→ **Exercise requirements**
Could you give the records below again exactly, without the pictures?

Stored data
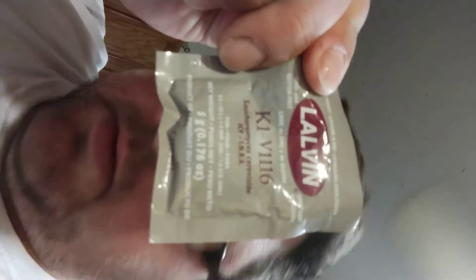I'm using my favorite yeast, the K1-V1116 — it's just a really good, easy yeast. We'll bring our bucket over here so we can rack it into our gallon jugs.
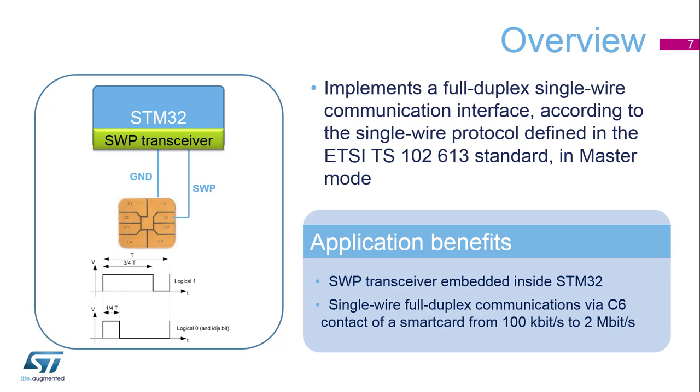The STM32 embeds the single wire protocol transceiver. Applications benefit from the easy single pin connection to a smart card for full duplex communications up to 2 megabits per second.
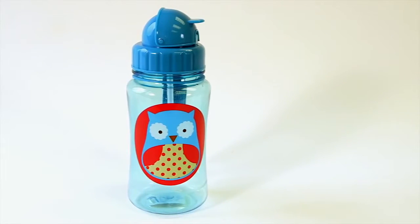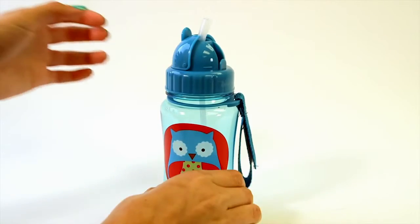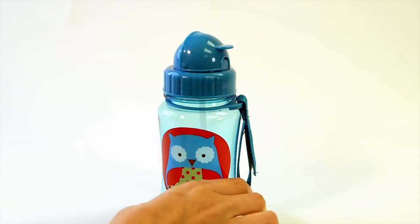Holding 12 ounces of liquid, the product is dishwasher safe and easily used by toddlers. Simply click up and push down to seal closed.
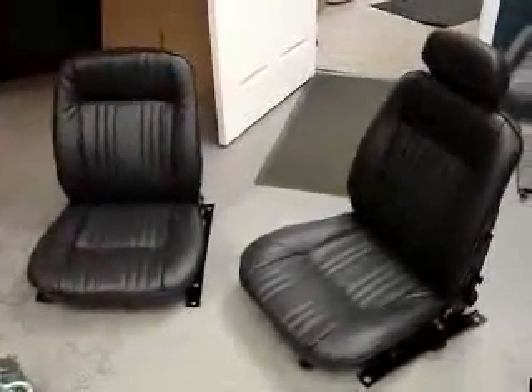So, with that said, those are our seats and they are going to be upholstered and installed very soon. We'll be right back.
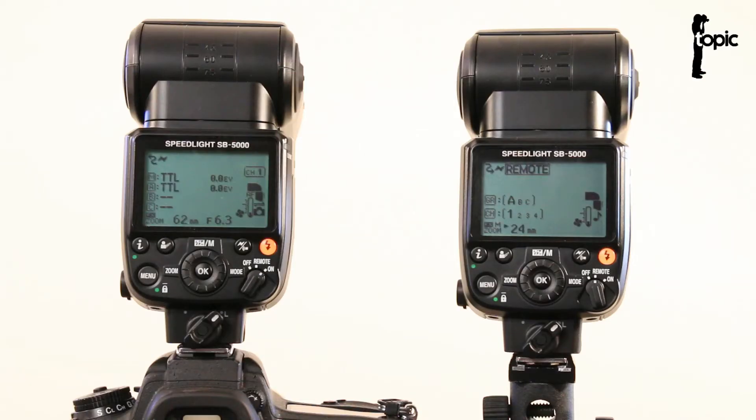This is Charlie for Topic. In this video I'm going to show you how to set up the optical wireless triggering system of the SB5000 speedlight from Nikon.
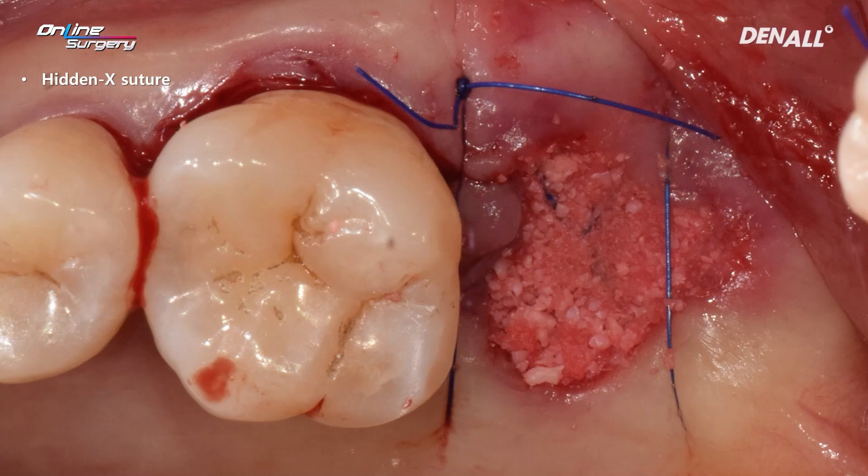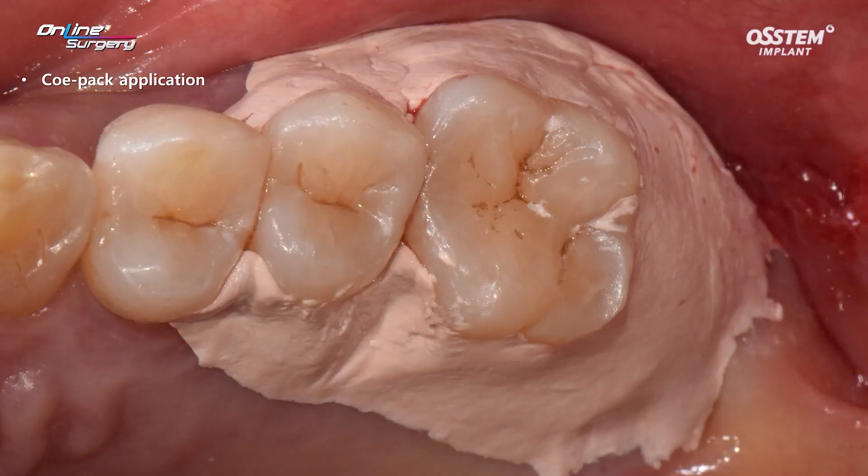I've used a hidden egg suture. You can either use a crisscross suture or figure-of-eight suture as well. I've used the hidden egg suture because I wanted to press the Aos collagen from the inside. The patient was especially concerned about the surgical site. You don't need to use the Copac, but I've used it so it is more easy for the patient to manage. This is not mandatory.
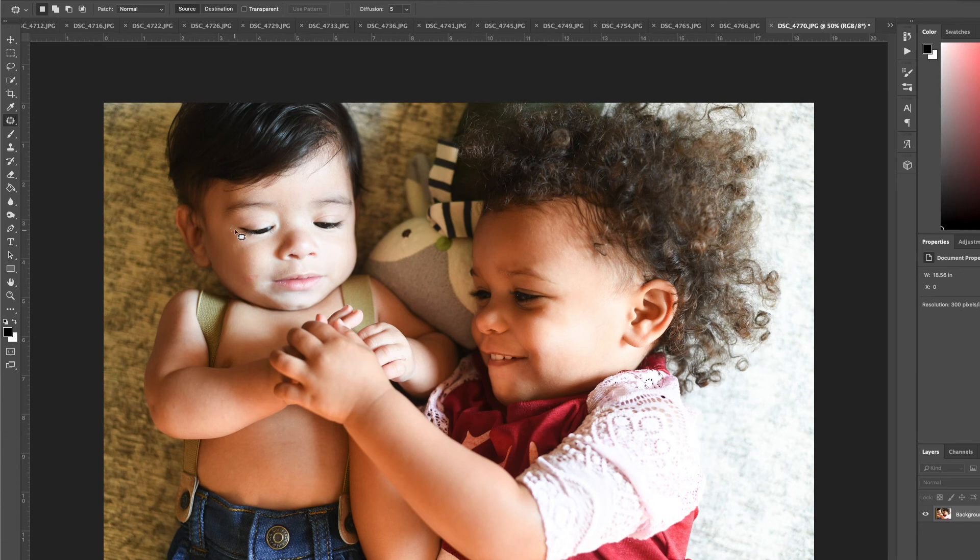He's even got a little bit of something right here on his eye — I can pull that over and get rid of that. Isn't that cool? You can't even tell it was there. Super fun to use the patch tool — give it a try!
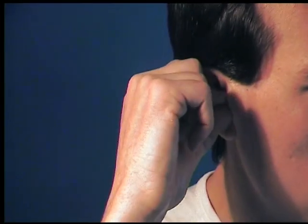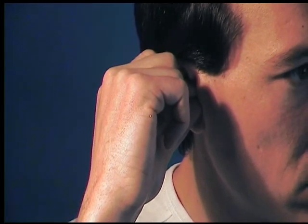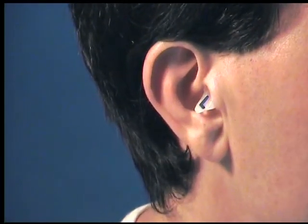Immediately push it into your left ear, keeping your fingers in the same position on the end. Maintain firm pressure for a few seconds, allowing the plastic time to mould to your ear. If you feel any discomfort, then stop and remove the plastic immediately.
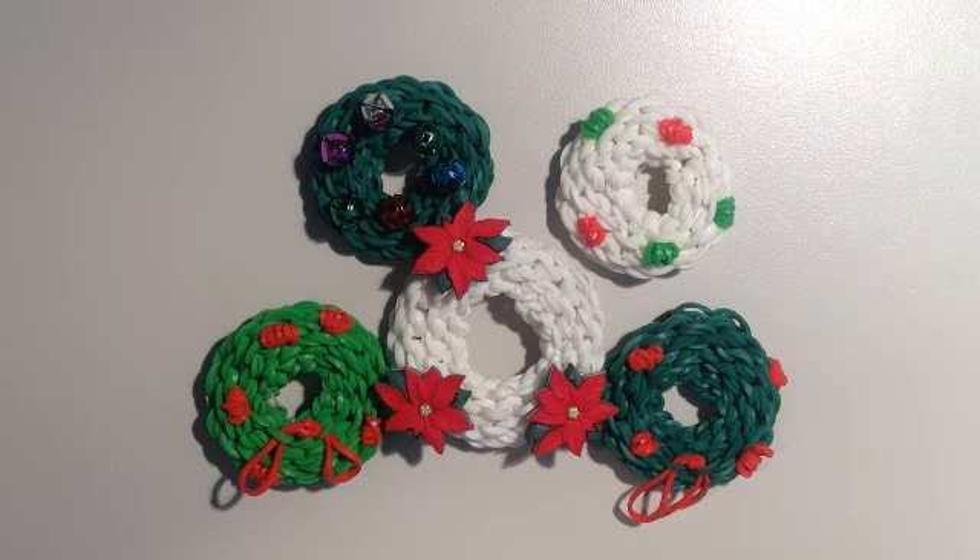This is the end of part one of how to make a rainbow loom wreath. Please continue to part two to learn how to finish your wreath.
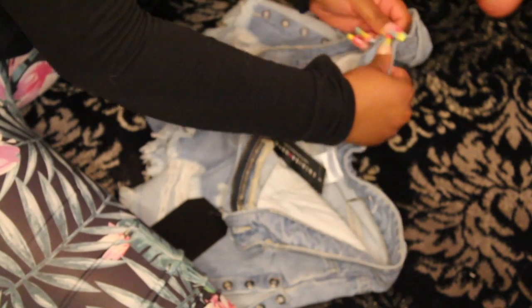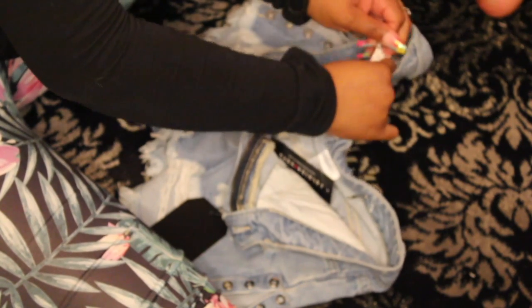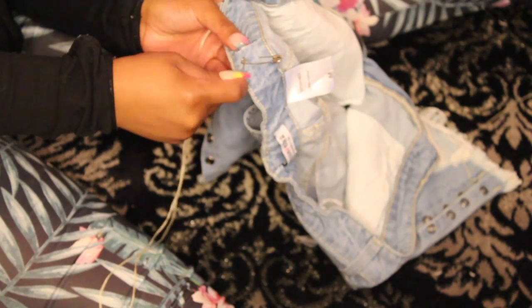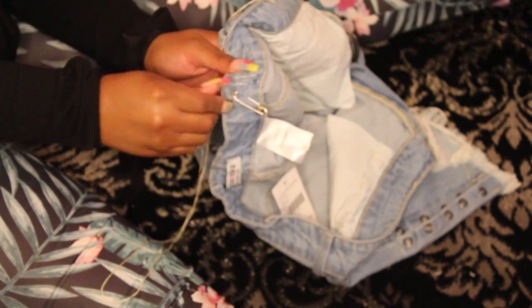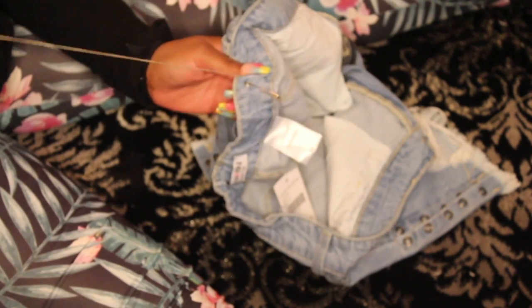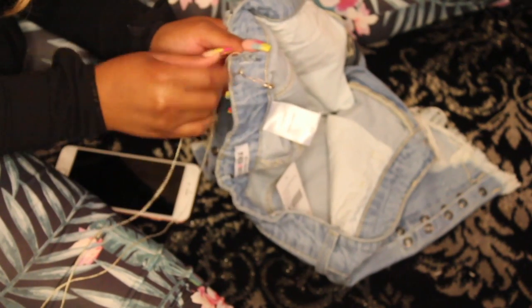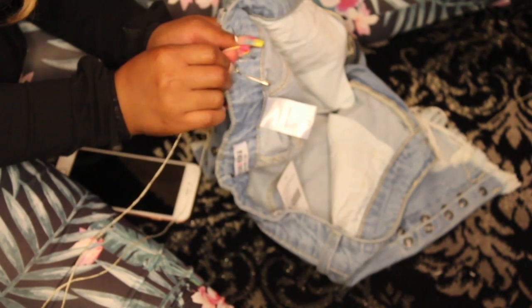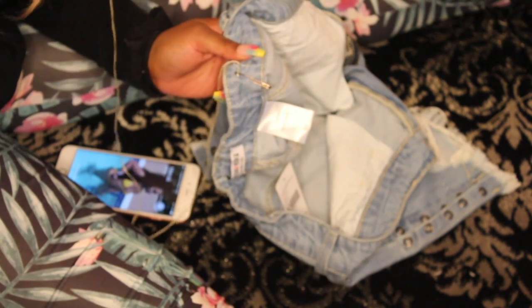Pull the elastic all the way through on the other end, then take that safety pin out and secure it down to hold it in place. Then go ahead and start sewing. When you're sewing, you don't want to sew all the way through the jean where it'll show on the back — just sew that top layer, but make sure you catch the elastic as well so it holds in place. Sew up the hole and grab the elastic at the same time so it's secured and won't move at all.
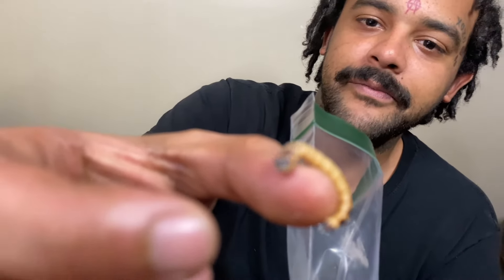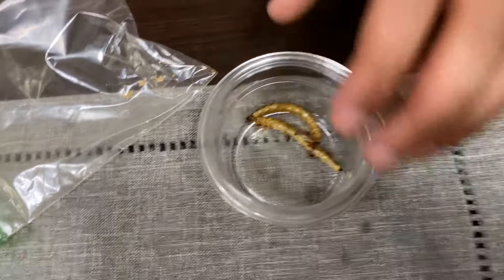And now I gotta do this without the seasoning. Oh, without the seasoning — don't even want to come out. Let us see it. That thing's still moving. Oh my. Hell, no. It was gushy and ugly and all that. I can't believe I did that.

→ **Solution**
I'm using my favorite yeast, the K1-V1116 — it's just a really good, easy yeast. We'll bring our bucket over here so we can rack it into our gallon jugs.
The STM32 embeds the single wire protocol transceiver. Applications benefit from the easy single pin connection to a smart card for full duplex communications up to 2 megabits per second.
Holding 12 ounces of liquid, the product is dishwasher safe and easily used by toddlers. Simply click up and push down to seal closed.
So, with that said, those are our seats and they are going to be upholstered and installed very soon. We'll be right back.
This is Charlie for Topic. In this video I'm going to show you how to set up the optical wireless triggering system of the SB5000 speedlight from Nikon.
I've used a hidden egg suture. You can either use a crisscross suture or figure-of-eight suture as well. I've used the hidden egg suture because I wanted to press the Aos collagen from the inside. The patient was especially concerned about the surgical site. You don't need to use the Copac, but I've used it so it is more easy for the patient to manage. This is not mandatory.
He's even got a little bit of something right here on his eye — I can pull that over and get rid of that. Isn't that cool? You can't even tell it was there. Super fun to use the patch tool — give it a try!
Immediately push it into your left ear, keeping your fingers in the same position on the end. Maintain firm pressure for a few seconds, allowing the plastic time to mould to your ear. If you feel any discomfort, then stop and remove the plastic immediately.
This is the end of part one of how to make a rainbow loom wreath. Please continue to part two to learn how to finish your wreath.
Pull the elastic all the way through on the other end, then take that safety pin out and secure it down to hold it in place. Then go ahead and start sewing. When you're sewing, you don't want to sew all the way through the jean where it'll show on the back — just sew that top layer, but make sure you catch the elastic as well so it holds in place. Sew up the hole and grab the elastic at the same time so it's secured and won't move at all.
And now I gotta do this without the seasoning. Oh, without the seasoning — don't even want to come out. Let us see it. That thing's still moving. Oh my. Hell, no. It was gushy and ugly and all that. I can't believe I did that.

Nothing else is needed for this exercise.